Among many other interior bits, the new Supra employs a thinly reskinned version of BMW’s iDrive infotainment system, and recently, the Bavarians became the first automaker to start charging a yearly subscription fee for Apple CarPlay integration, a move that upset many brand enthusiasts, car shoppers and yes, automotive journalists. By inheriting BMW’s infotainment, Toyota may have unwittingly introduced this pay-as-you-go smartphone-pairing technology to their own new sports car.
Back in May, when he drove the 2020 Supra at its US launch, our man Tim Stevens enquired about this issue, and at the time, Toyota officials weren’t sure how they were going to handle it.
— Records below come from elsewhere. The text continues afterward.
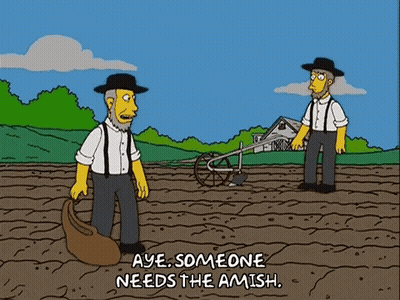 Two Men In Field With Aye Someone Needs The Amish GIF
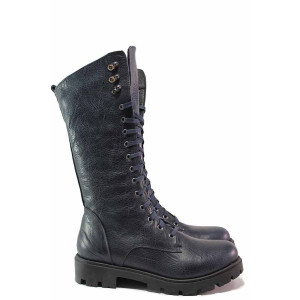 Сини дамски ботуши, естествена кожа - ежедневни обувки за есента и зимата N 100016357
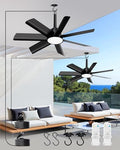 Outdoor Ceiling Fan with Light & Remote - 28 Inch Black for Gazebo & Patio - Variation 2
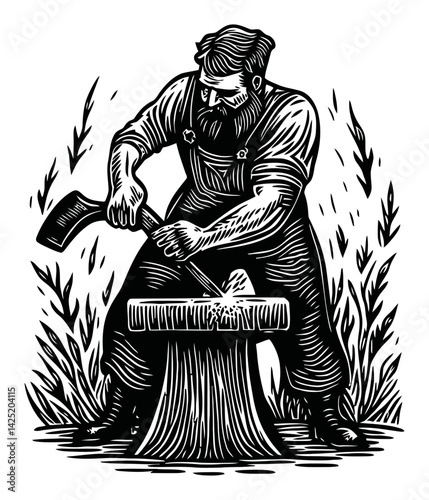 Skilled Blacksmith Engraving with Axe on Wooden Anvil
According to a report from Motor1.com, the solution — for now — appears to be four years of complimentary CarPlay access. However, that may not be the end of the story — it appears that Toyota may not have figured out what happens after that four-year period expires. What comes next? “We haven’t decided yet,” is the answer Motor1 was given by Toyota’s Jarrod Marini, Customer Care Senior Analyst (Connected Technologies).
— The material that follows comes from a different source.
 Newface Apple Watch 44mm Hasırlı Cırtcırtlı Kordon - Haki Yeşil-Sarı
While most newly developed Toyota models come with free Apple CarPlay integrated into even base infotainment systems, if you want this convenient technology on the Supra, the base $49,990 (plus $930 delivery) model won’t cut it. You’ll have to step up to a Premium ($53,990) or Launch Edition ($55,250) trim in order to get the upgraded Supra Command system featuring an 8.8-inch screen — the base 6.5-inch unit does without the phone-mirroring functionality.
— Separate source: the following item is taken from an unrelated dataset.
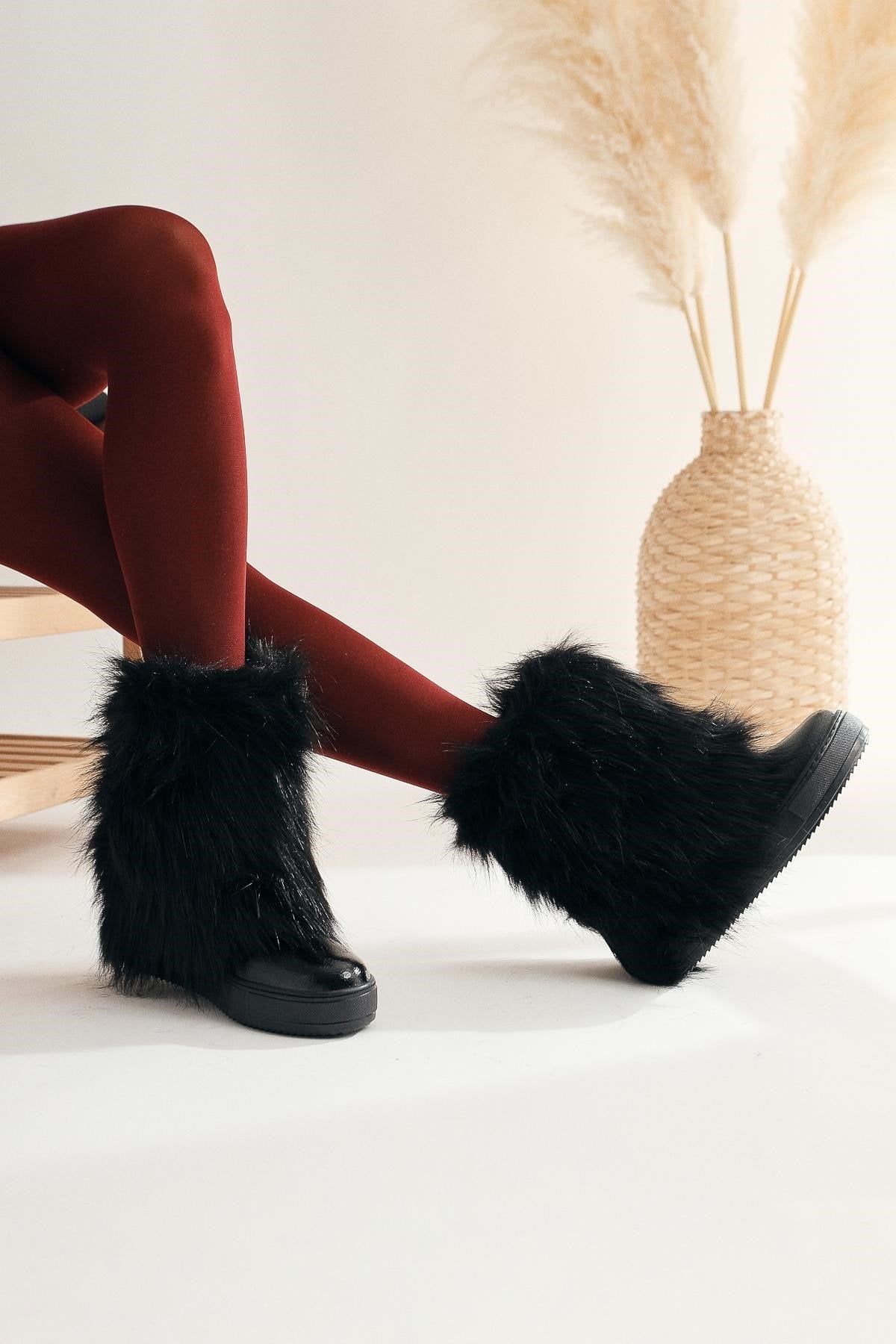 Randi Black Hidden Heel Feathered Women’s Boots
Toyota’s four-year initial free period is at least substantially more generous than BMW, which previously charged a one-time option fee for the technology and now gives a one-year complimentary period followed by an $80 annual subscription fee on some of its models.
One other potentially unanticipated consequence of going with BMW’s pay-to-CarPlay subscription model? The Supra’s system may be vulnerable to outages. Back in May, an issue with BMW’s ConnectedDrive telematics services caused Apple CarPlay compatibility to temporarily disappear in select BMW vehicles. According to BMW officials, a server migration issue was to blame for the brief problem. Roadshow has reached out to Toyota for clarification and will update this story if more information becomes available.
Like today’s BMW range, the Supra does not offer Android Auto. Toyota has begun introducing Google’s equivalent smartphone-mirroring tech on select 2020 model-year vehicles in the US and Canada, including its 4Runner, Sequoia, Tacoma and Tundra trucks and SUVs.